• **INFORMATION SUPPLIED**
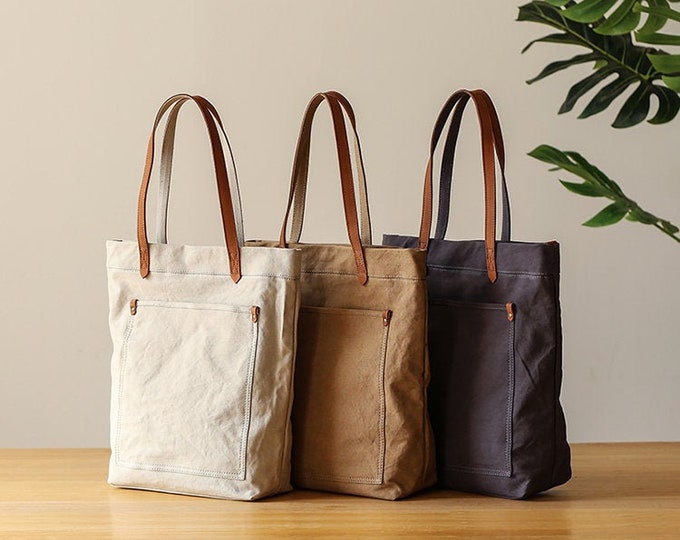 Große Canvas Sling Tote Bag Lederband, Handtasche, Schultertasche, Geschenk für Frauen, Crossbody Bag, Alltagstasche, Canvas Arbeitstasche Frauen
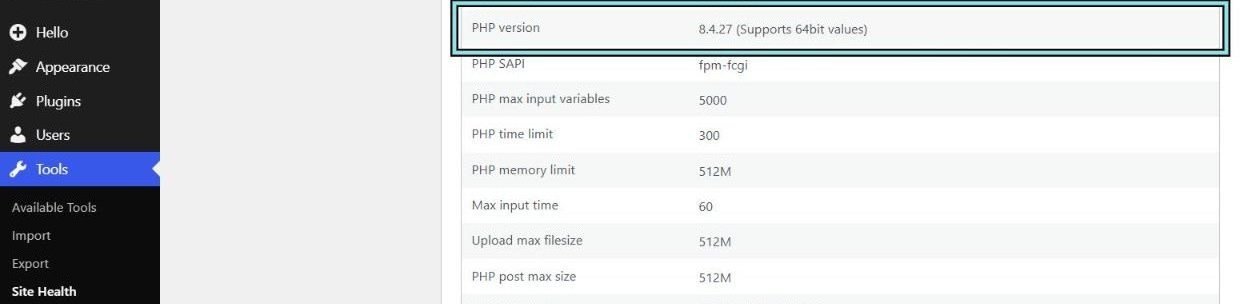 WordPress Tools, Site Health, Info, Server section, with the PHP version row (8.4.27) highlighted.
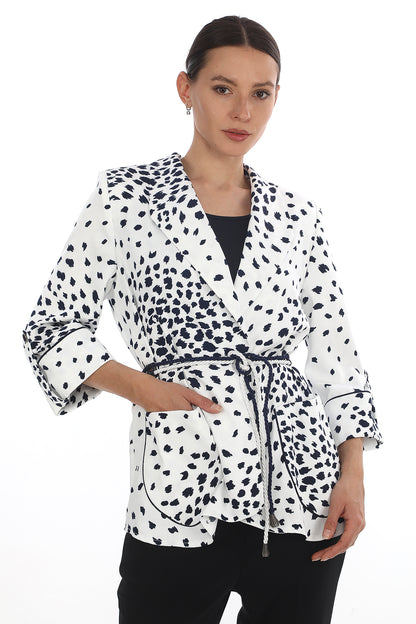 Desenli Kuşaklı Ceket – Modern Fit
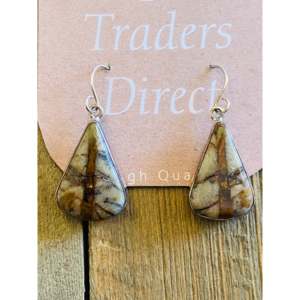 Navajo Style <b>Ribbon</b> Turquoise & Sterling Silver Drop Earrings Water Drop Pattern Women's Dangle Jewelry - Product Image 3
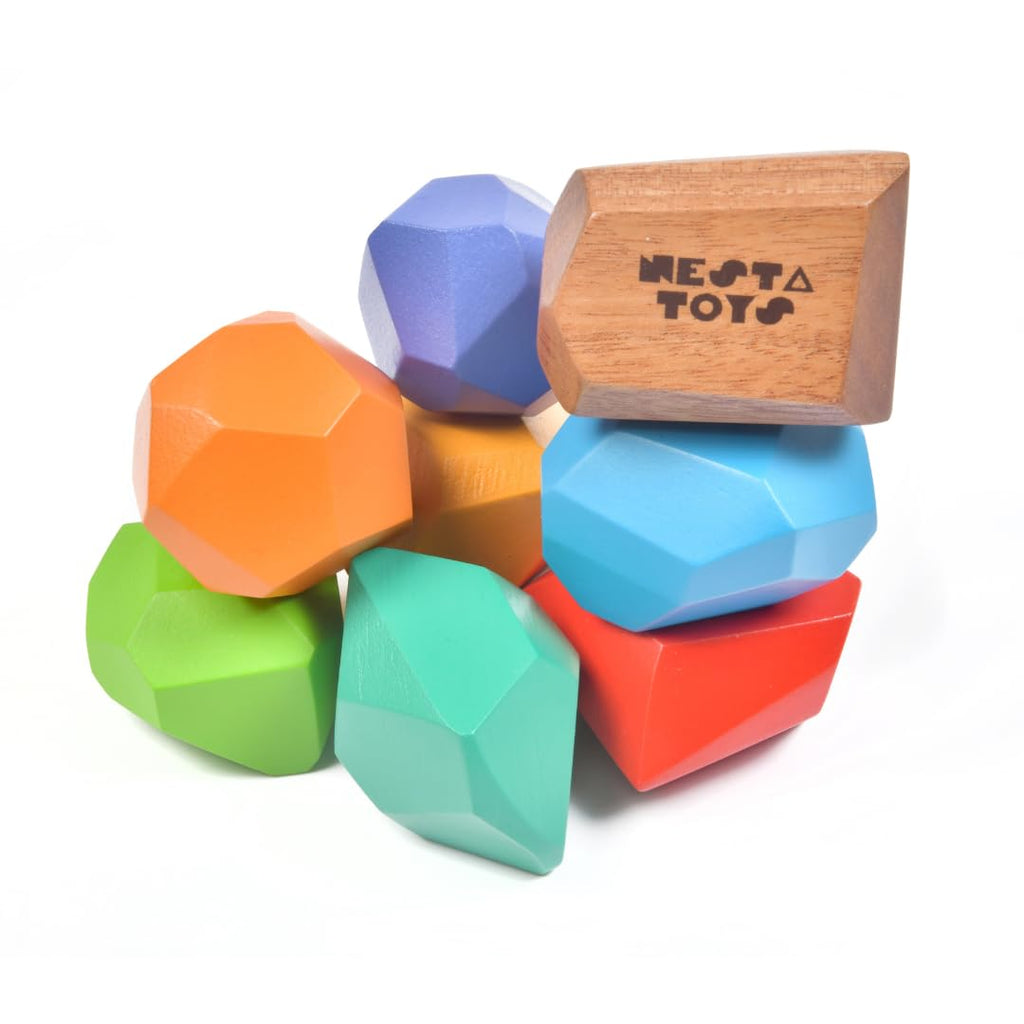 NESTA TOYS Wooden Pounding Bench Toy with Mallet | 8 Colourful Pegs - Flip, Pound & Repeat | Musical Toy - Sound on Every Hit | Builds Hand-Eye Coordination & Cause-Effect Learning | Ages 1-3 Years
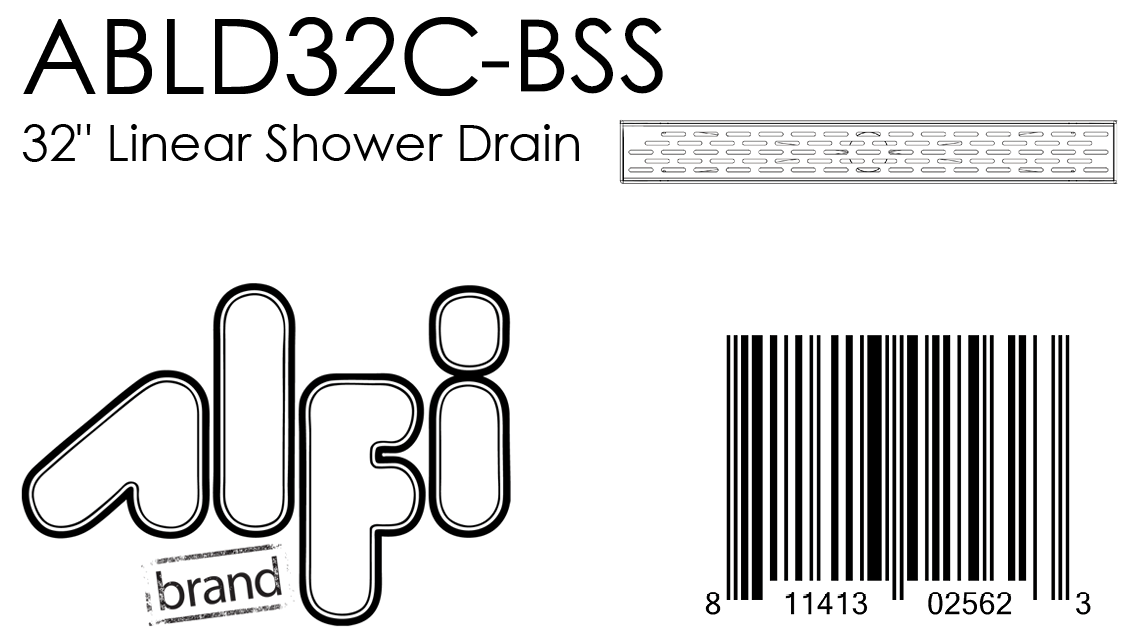 ALFI Brand - 32" Modern Stainless Steel Linear Shower Drain with Groove Holes | ABLD32C-BSS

• **EXERCISE GOAL**
What is needed is a word-for-word restatement of the lines from the one holding "NESTA TOYS Wooden" to the final line of the data above, inclusive, without any pictures.

• **RESPONSE TO THIS EXERCISE**
 NESTA TOYS Wooden Pounding Bench Toy with Mallet | 8 Colourful Pegs - Flip, Pound & Repeat | Musical Toy - Sound on Every Hit | Builds Hand-Eye Coordination & Cause-Effect Learning | Ages 1-3 Years
 ALFI Brand - 32" Modern Stainless Steel Linear Shower Drain with Groove Holes | ABLD32C-BSS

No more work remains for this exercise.